An equal right to adoption for same-sex couples would mean that children no longer had a preferential right to be raised by a mother and a father where possible.
The statement came as it emerged that many Fine Gael TDs expressed unease at a promise made by Tanaiste Eamon Gilmore at the weekend to hold a referendum to redefine marriage.
Mr Gilmore told a Labour Youth conference at the weekend that he believed that there would be a referendum in the lifetime of the Government.
He said that the autumn of next year or the spring of 2015 were possible dates.
However a spokesman for Mr Gilmore said that the issue of gay adoption had to be dealt with in legislation beforehand to prevent it from overshadowing the gay marriage referendum.

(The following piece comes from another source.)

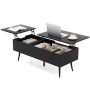 47 Inch Lift Top Coffee Table with 2 Hidden Compartments - Black - Image 3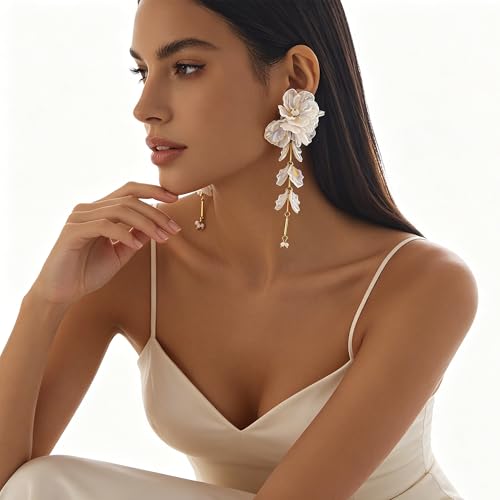 Fabric Flower Earrings for Women Colorful Long Tassel Floral Drop Earrings Fashion Boho Exaggerated Statement Beach Party Jewelry - color: acrylic white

"Any referendum that takes place will have to be about marriage equality and not about other issues," he told The Irish Independent.
Presently, gay or lesbian people can adopt a child on their own, but not as a couple.
Justice Minister Alan Shatter is already preparing legislation to allow same-sex couples rights in relation to guardianship and the custody of children.
Children's Minister Frances Fitzgerald is also working on new adoption legislation. But cabinet agreement would be required to include same-sex adoption in either piece of legislation.
The cabinet is set to consider the issue of a referendum on same-sex marriage in the next two weeks after the Constitutional Convention think-tank recommended that it be held.
Although Mr Gilmore has described gay marriage as the "civil rights issue of this generation", Taoiseach Enda Kenny has not declared his position on gay marriage or gay adoption.
A spokesman for Mr Kenny said he would not be commenting on the issue ahead of the cabinet discussions.
There is an acceptance among Labour and Fine Gael ministers that any vote will need to be carefully planned given the 'referendum fatigue' obvious in the 39pc turnout for the Seanad and Court of Appeal referendums earlier this month.
Reports suggest that many Fine Gael TDs are wary of a referendum on same-sex marriage.
While the immediate setting of a date for a referendum is unlikely, Fine Gael TDs acknowledged divergent views within the parliamentary party on the merits of proceeding with a vote at all, the Irish Times reports.
Sources say that while some are mainly worried about the political fallout in the wake of the Seanad referendum defeat, others are opposed to the substance of the proposal itself.
There is also a worry that such a referendum might lead to further divisions within the party, after the deeply divisive vote on abortion legislation.
Dublin South-East Fine Gael TD Eoghan Murphy told the Irish Times that he supported the holding of a referendum on same-sex marriage, but that he didn't think the party were obliged to take a position during the referendum.
However another TD, who declined to be named said that the Government's job was “to get the economy back on track, to get all that right, that’s ultimately what we’ll be judged on”.
He said: “My own opinion is that we should concentrate over the next two years on economy and jobs.”
When it was put to him that Mr Gilmore had cast same-sex marriage as the civil rights issue of our time, the TD said: “I think it’ll be in Labour’s interest as well to follow what I just said.”